La influencia de Zevi no se circunscribió al Oriente Próximo. Su movimiento mesiánico ha pasado a la historia como el único que fue capaz de aglutinar, en torno suyo, a todas las comunidades judías, desde Inglaterra a Persia, desde Alemania a Marruecos, y desde Polonia a Yemen, todos los judíos estaban convencidos de que Zevi era el verdadero Mesías pues hacía cosas que sólo estaban reservadas a ese Salvador largo tiempo esperado. Modificó el ritual judío; declaró que su cumpleaños, el noveno día del mes de Ab, tradicionalmente celebrado como un sombrío día de ayuno que conmemoraba la caída del primer y segundo Templo y la expulsión de España de los judíos, sería un día festivo; nombró como nuevos reyes de la Tierra a un grupo de sus amigos y seguidores... En lugar de ser visto como un demente, Sabbatai Zevi fue aceptado por la mayoría de la población judía mundial, entre ellos, los judíos de Amsterdam, la colonia europea más poderosa de aquella época. La fama de Zevi fue tal que el sultán turco puso a su disposición un castillo en los Dardanelos. Allí, el supuesto Mesías recibió, como si de un monarca se tratase, a pregrinos judíos llegados de todas partes del mundo. Entre ellos, se encontraba un rabino polaco, quien pronto llegó a la conclusión de que Sabbatai era un impostor, no dudando en comunicarlo a las autoridades turcas. Fue entonces cuando el sultán mandó comparecer ante él a Zevi y le exigió que efectuase una prueba para ver si era el verdadero Mesías: sus arqueros dispararían flechas contra él. Si era el enviado de Dios, detendría las flechas en el aire. Fue en ese mismo momento cuando Sabbatai renunció a todas sus pretensiones mesiánicas y se convirtió al Islam, ejerciendo como funcionario de segunda clase en el imperio otomano. La actitud de Zevi provocó un tremendo escándalo en la comunidad judía: muchos de sus partidarios fueron obligados a renunciar a sus creencias, si bien la mayoría siguieron siendo partidarios secretos de Zevi hasta comienzos del siglo XVIII.

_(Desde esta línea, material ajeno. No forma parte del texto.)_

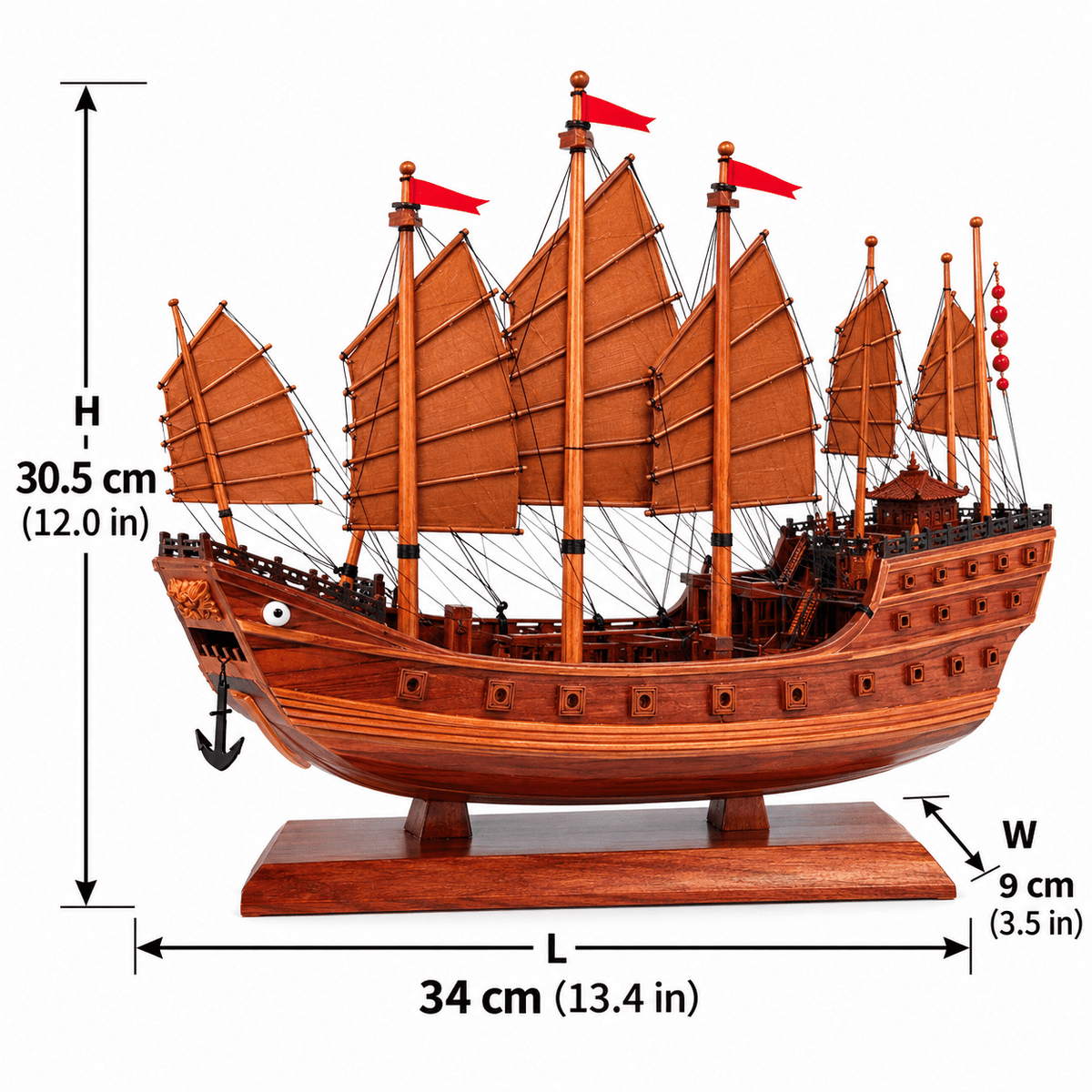 鄭和 木製船模型 - クラシック 34 cm 中国トゥーン材 – Ocean Relic Studio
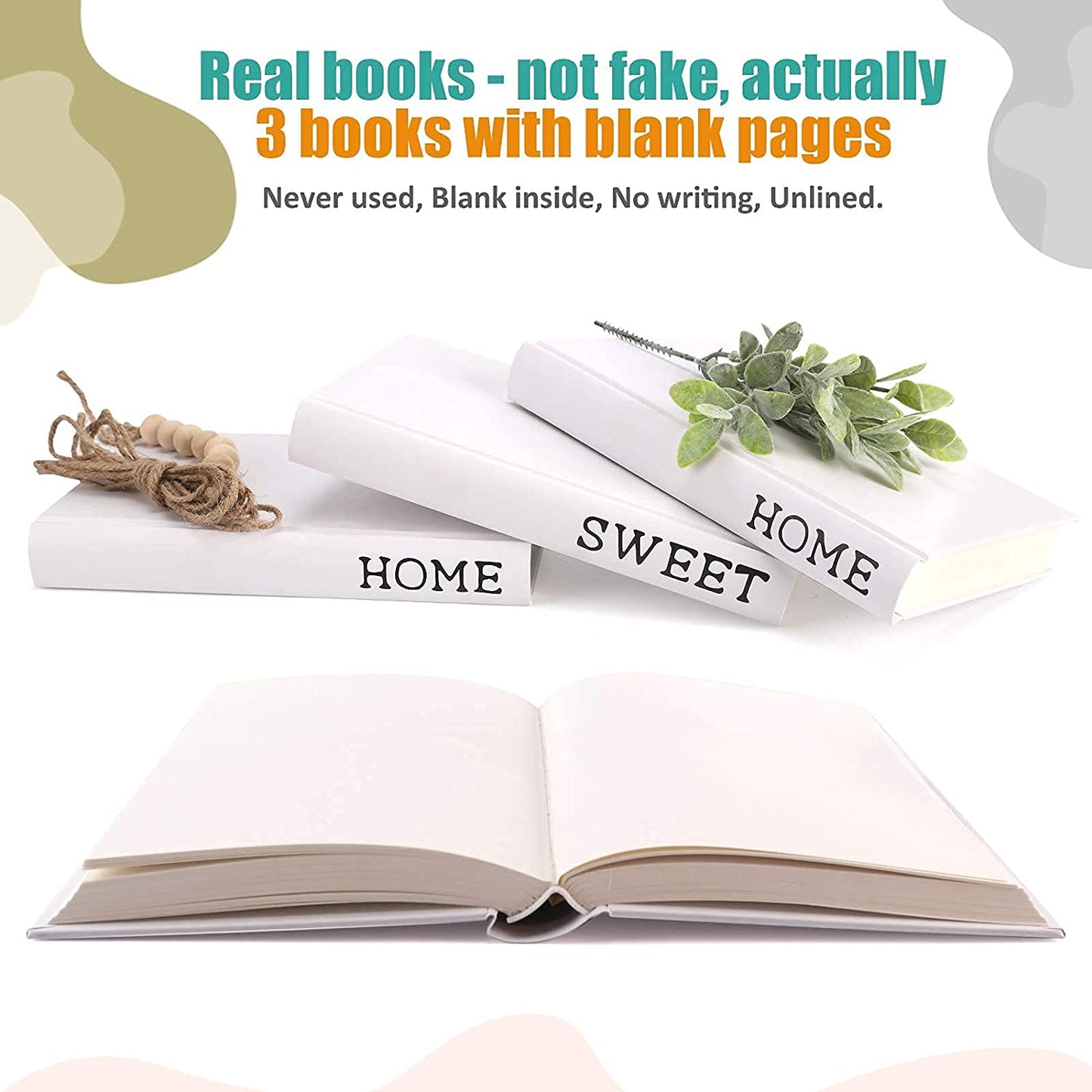Set of 3 Decorative White Hardcover Books - These Farmhouse Stacked Books are perfect for decorating coffee tables and shelves. They spell out "Home Sweet Home" and add a charming touch to your decor.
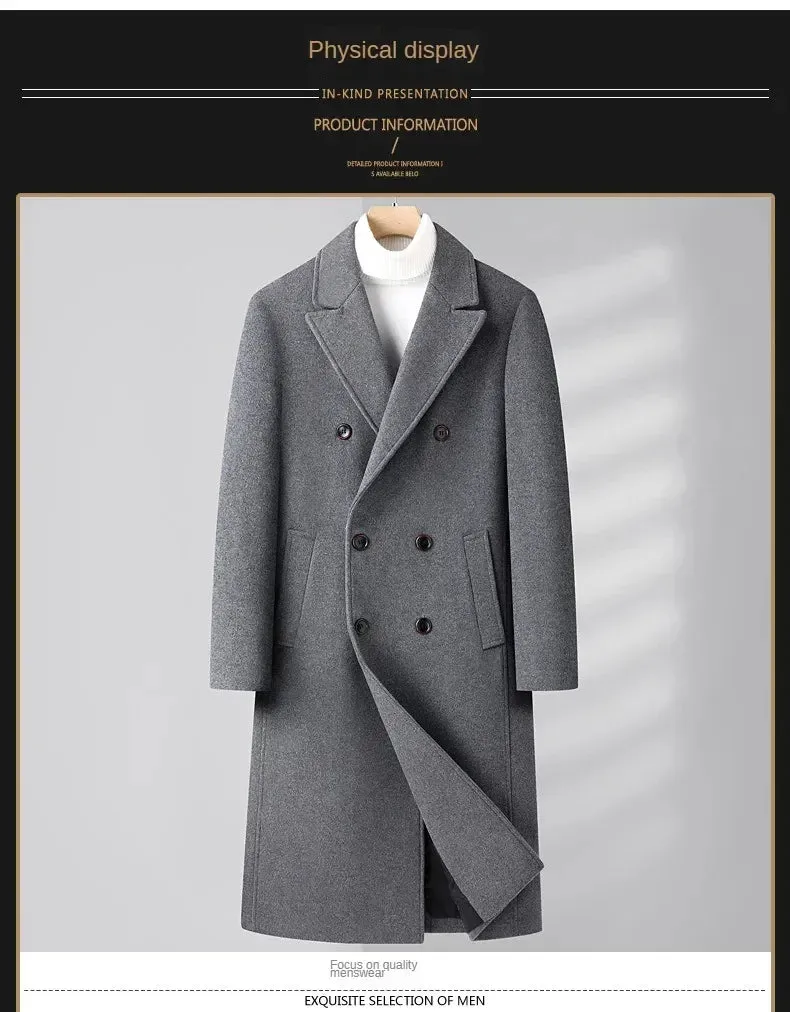 Woll gehalt 51% Herbst und Winter neuer Herren-Woll mantel, zweireihige lange knielange koreanische Version des Slim-Fit-Woll mantels,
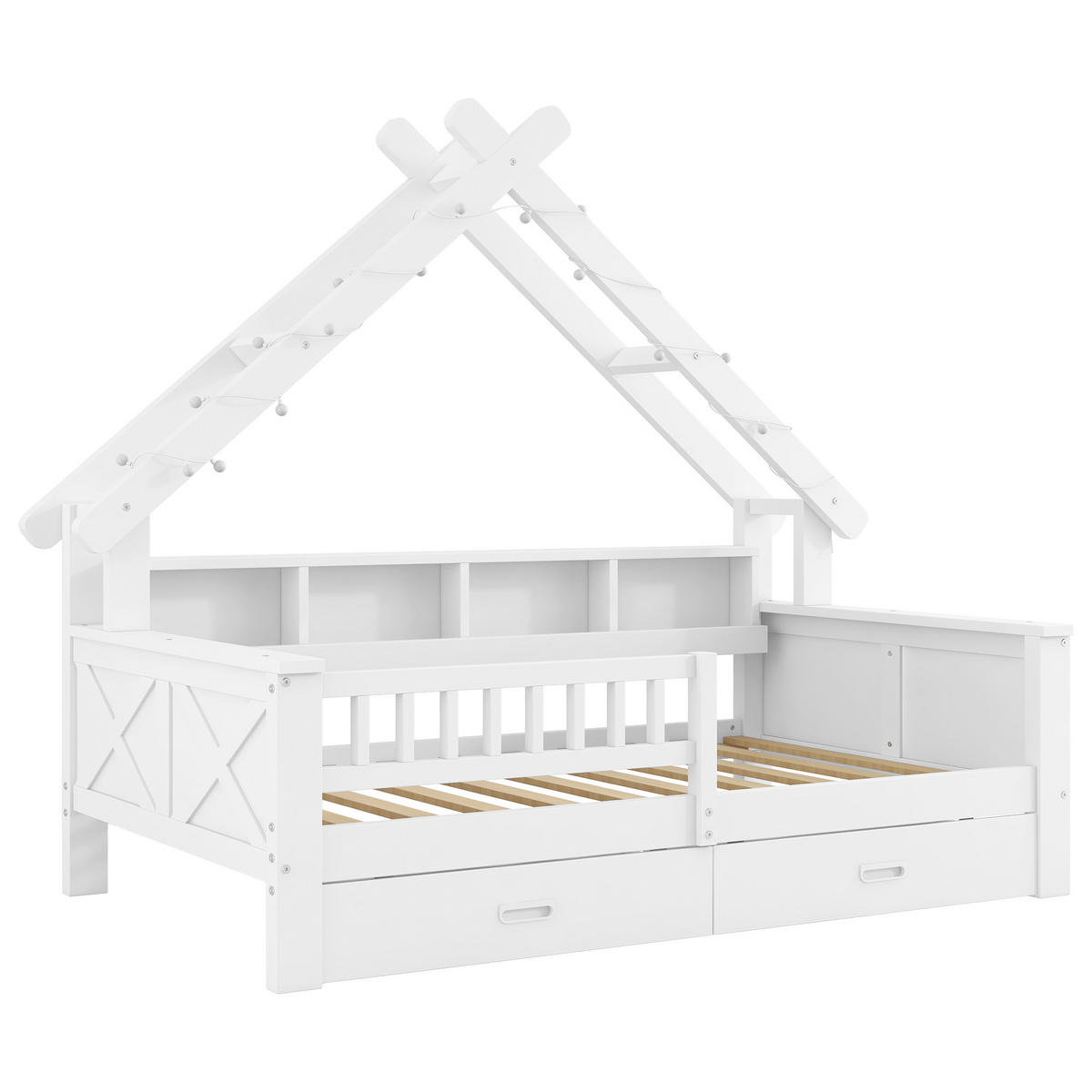 HAUSBETT 90/200 cm in Weiß mit LED, 2 Schubladen und Regal - Weiß, Holz/Holzwerkstoff (90/200cm) - WISHDOR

Su caso no fue único. Tras el desastre del movimiento sabatiano, ocurrió una secuela, centrada esta vez en el danés Oliger Pauli, que aspiraba a ser reconocido como Mesías. Este hombre afirmaba ser descendiente de Abraham y tener un abuelo judío. Reunió a un grupo de rabinos y pretendió que los gobernantes del mundo le aceptaran como Enviado. Su principal propagandista fue Moses Germanus, un rabino de Amsterdam que había comenzado su carrera intelectual como católico alemán, estudiando con los jesuitas, para volverse posteriormente luterano, luego menonita y más tarde protestante radical, antes de convertirse al judaísmo y trasladarse a Amterdam.

La peste y el incendio

La ciudad de Londres, cuna de muchas de las propuestas milenaristas observadas en el segundo tercio del siglo XVII, fue también trágica protagonista de algunos acontecimientos que bien parecían apuntar a un inmediato fin del mundo.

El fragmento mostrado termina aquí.